Mike Smith

Basic Machine Learning

Description

This project explores some basic concept in machine learning.

# Load Data
import pandas as pd

# Path of the file to read
data_file_path = '../input/train.csv'
my_data = pd.read_csv(data_file_path)

# Print summary statistics in next line
my_data.describe()

# List all columns in the dataset
my_data.columns

# dropna drops missing values (think of na as "not available")
my_data = my_data.dropna(axis=0)

# Select a prediction target
y = my_data.column_x

# Select features
my_data_features = ['column_m', 'column_a', 'column_z', 'column_c', 'column_e']
X = my_data[my_data_features]
print(X.describe())
print(X.head()) # Inspect the data at this stage to spot oddities

# Next use the scikit-learn library to create your model.
# There are four stages to building and using a model: Define, Fit, Predict, and Evaluate.
from sklearn.model_selection import train_test_split
from sklearn.tree import DecisionTreeRegressor

# Split data into training and validation subsets to avoid "In-Sample" scores
# Random state guarantees a consistent split with each run
train_X, val_X, train_y, val_y = train_test_split(X, y, random_state = 1)

# Define the model
my_model = DecisionTreeRegressor(random_state = 1)

# Fit the model
my_model.fit(train_X, train_y)

# Make predictions
print("Making initial predictions:")
print(val_X.head())
print("The predictions are")
print(my_model.predict(val_X.head()))

# Compare predictions
print("Check actual values")
print(val_y.head())
print("Compare those to the predictions")
print(my_model.predict(val_X.head()))

# Calculate the mean absolute error
from sklearn.metrics import mean_absolute_error

val_model_predictions = my_model.predict(val_X)

# print the top few validation predictions and actual prices from validation data
print(val_model_predictions[:5])
print(val_y.head())

print(mean_absolute_error(val_y, val_model_predictions))

The number of splits, or depth, of a decision tree is a key parameter that controls how complex the model is allowed to be.
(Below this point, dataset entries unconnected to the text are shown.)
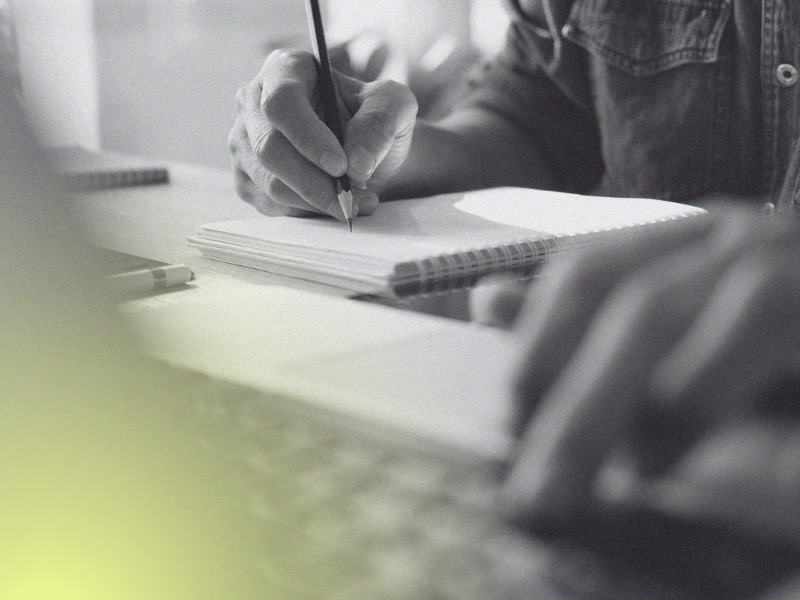 A person at a laptop writing in a notebook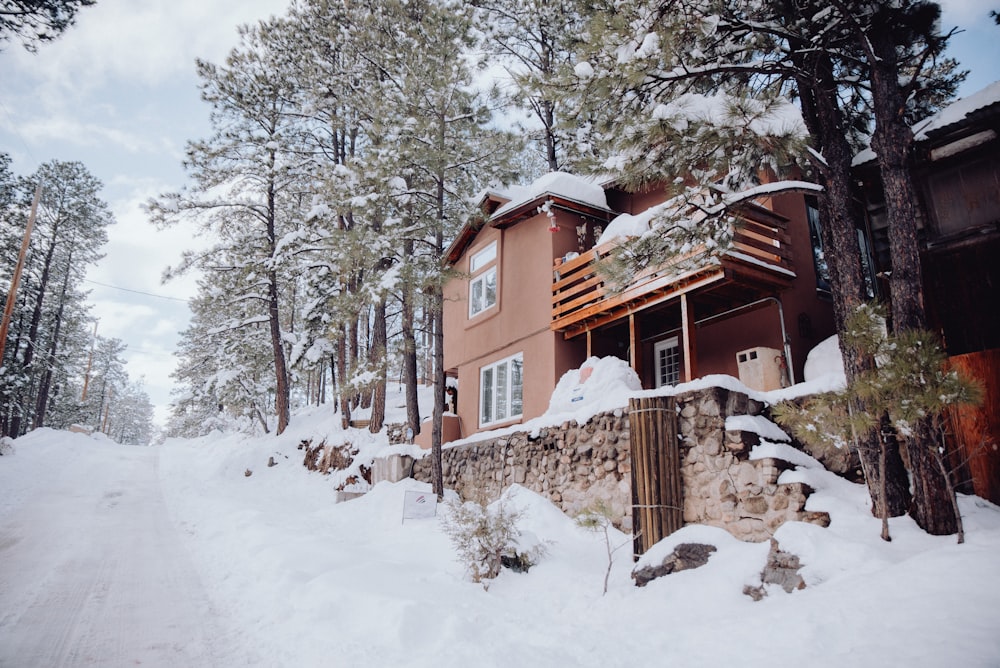 a house in the woods covered in snow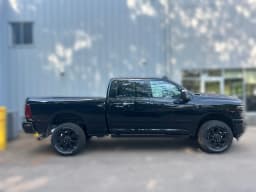 Ram 2500 Laramie 4x4 Crew Cab 6'4" Box 2026 — side view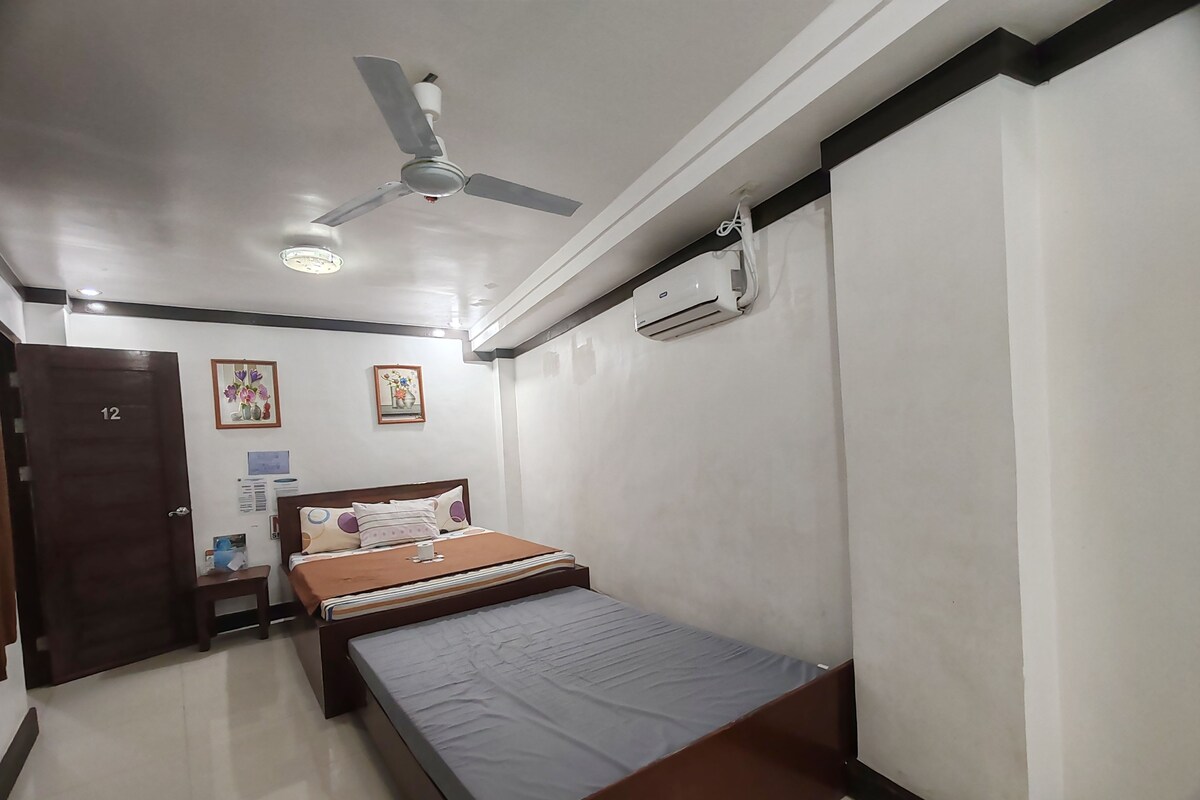 Un dormitorio con cama, ventilador de techo, aire acondicionado y una puerta marcada con el número 12.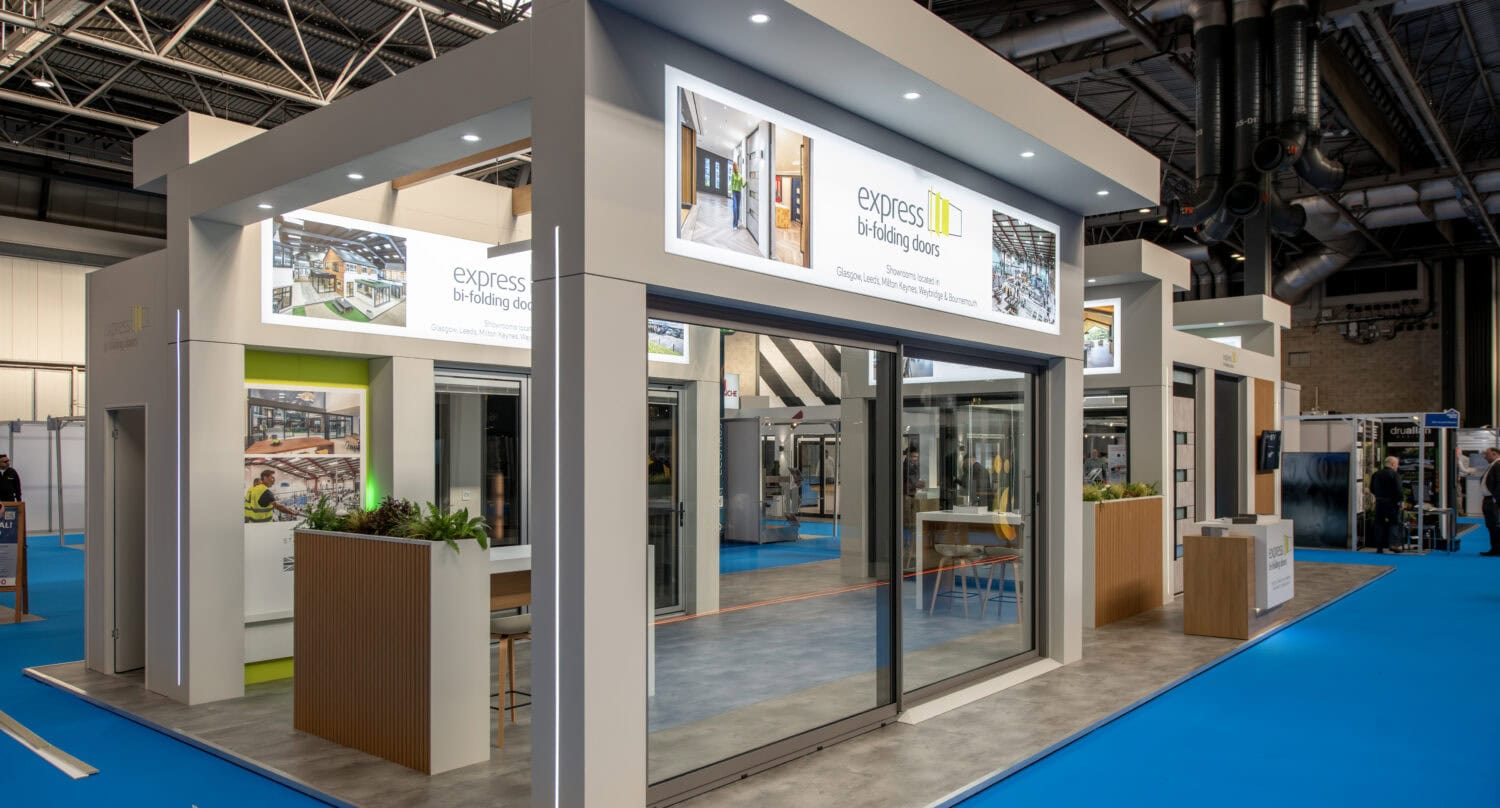 Modern display of Express Bi-Folding Doors at an exhibition, showcasing their sleek design and high-quality craftsmanship for upcoming events and exhibitions.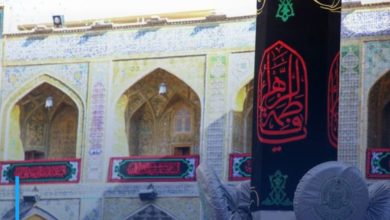 Photo of Black banners spread around the Holy Shrine of Imam Ali on the martyrdom anniversary of Lady Fatima al-Zahra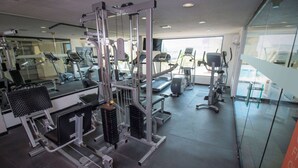 Ett gym med olika träningsmaskiner, en vägg med speglar och ett stort fönster som släpper in naturligt ljus.
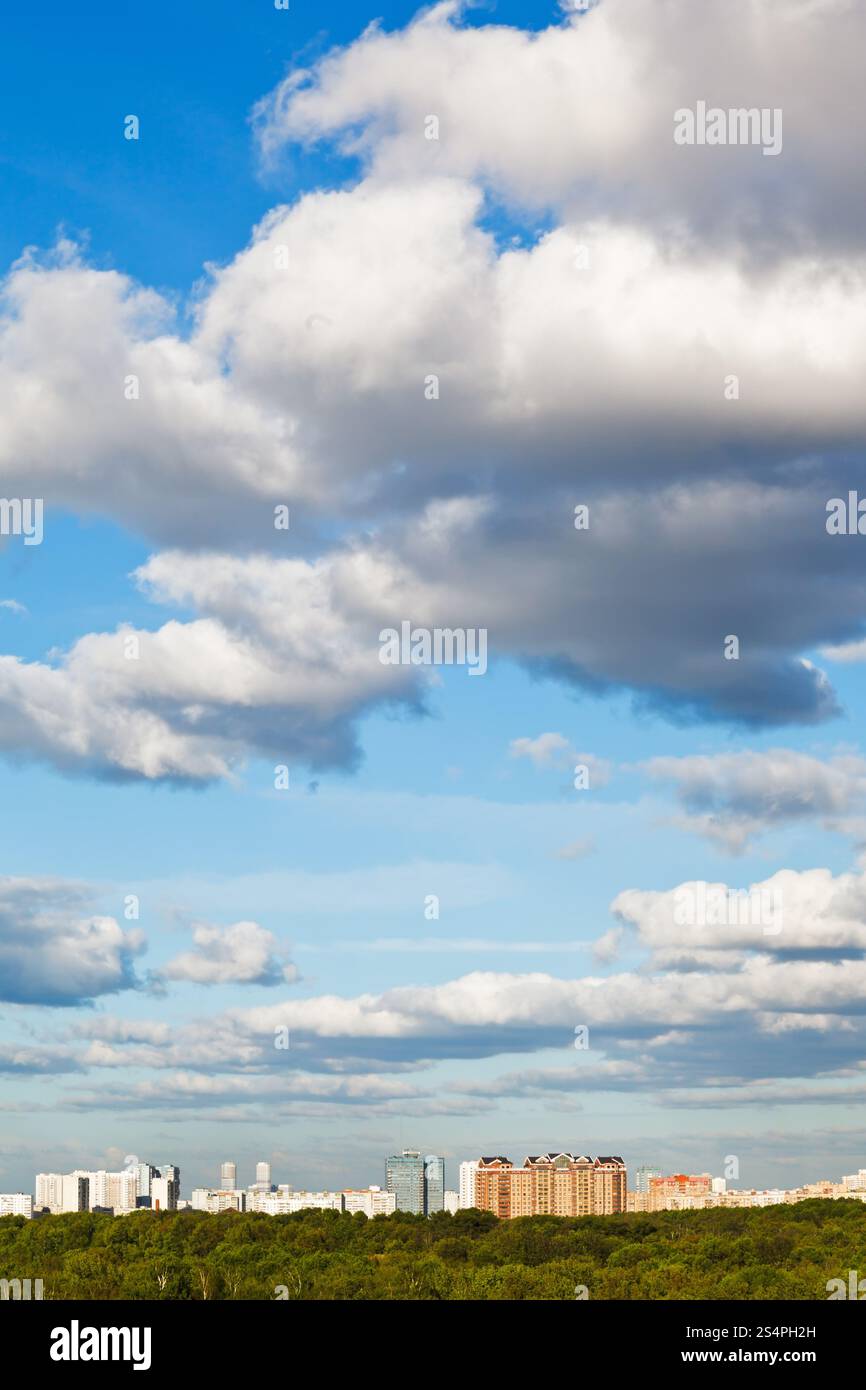 Città sotto grandi nuvole bianche nella primavera del cielo blu Foto Stock
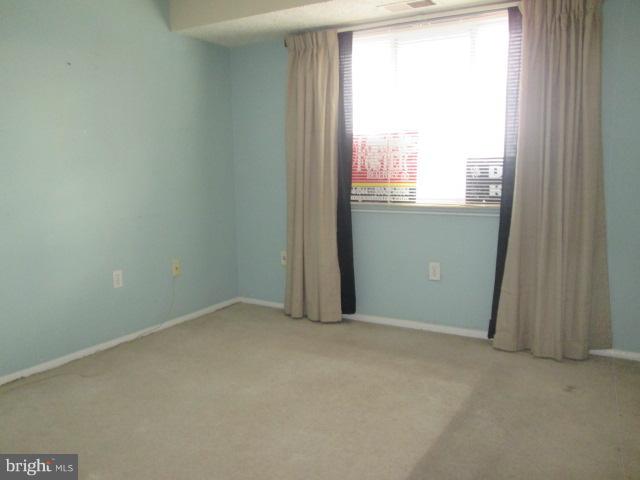 550 Heather Ridge Drive, Unit M Frederick, MD 21702 - Photo 9 of 9 an empty room with a window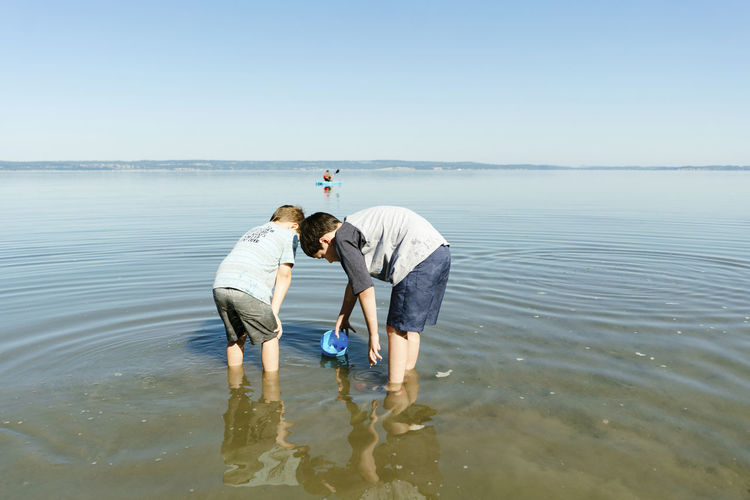 Brothers playing with water while standing in sea against clear blue sky during sunny day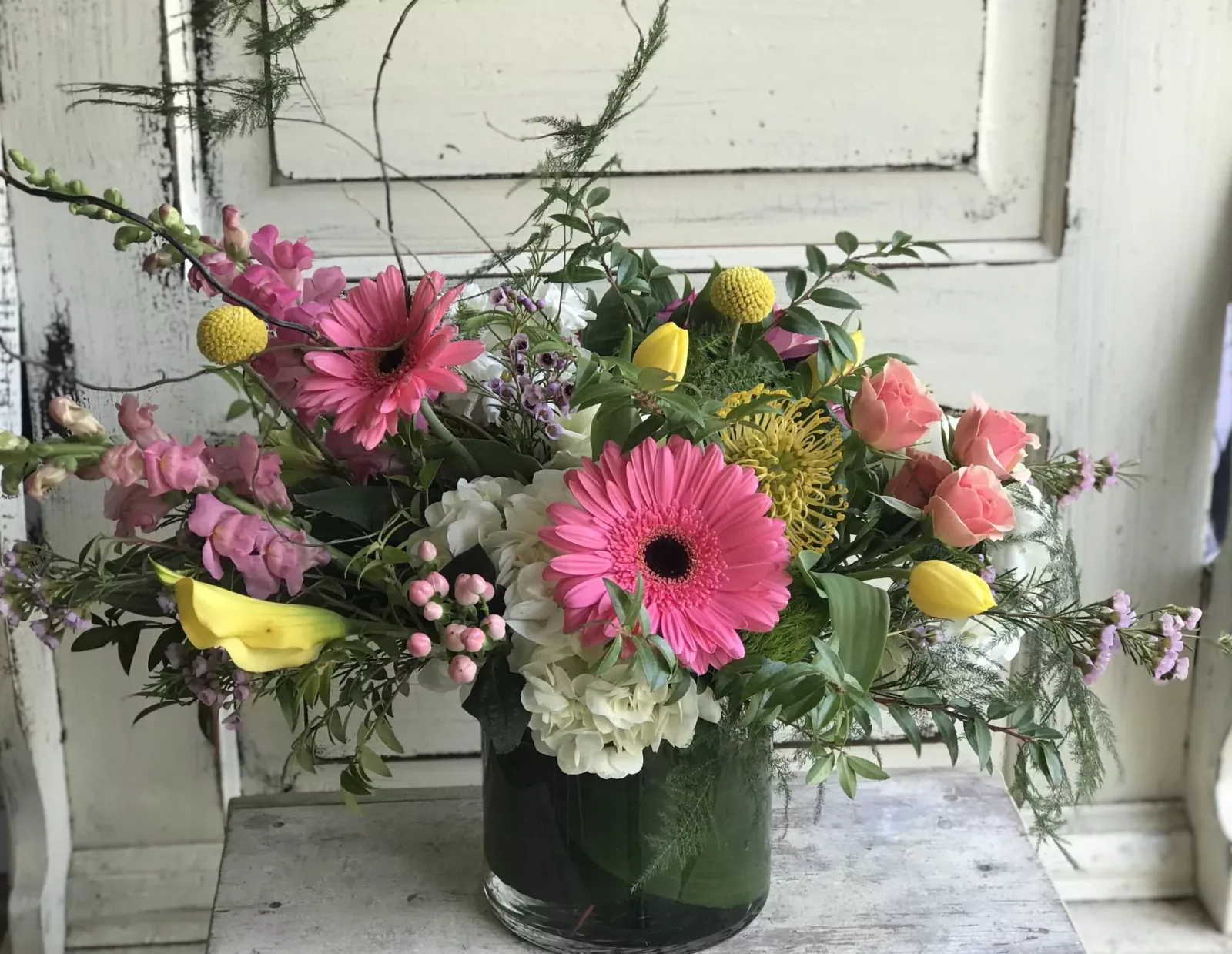 A floral arrangement in a glass bowl with gerbera daisies, mums, stock and more.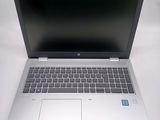 an open laptop computer sitting on top of a white table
The depth would never need to exceed x, where 2^x equals number of training data points. This will almost certainly lead to overfitting because each leaf could represent a single training data point and the lowest Mean Absolute Error is likely to be a lower depth value.

from sklearn.metrics import mean_absolute_error
from sklearn.tree import DecisionTreeRegressor

def get_mae(max_leaf_nodes, train_X, val_X, train_y, val_y):
    model = DecisionTreeRegressor(max_leaf_nodes=max_leaf_nodes, random_state=0)
    model.fit(train_X, train_y)
    preds_val = model.predict(val_X)
    mae = mean_absolute_error(val_y, preds_val)
    return(mae)

# A loop can help find a minimum Mean Absolute Error
for max_leaf_nodes in [5, 50, 500, 5000]:
    my_mae = get_mae(max_leaf_nodes, train_X, val_X, train_y, val_y)
    print("Max leaf nodes: %d  \t\t Mean Absolute Error:  %d" %(max_leaf_nodes, my_mae))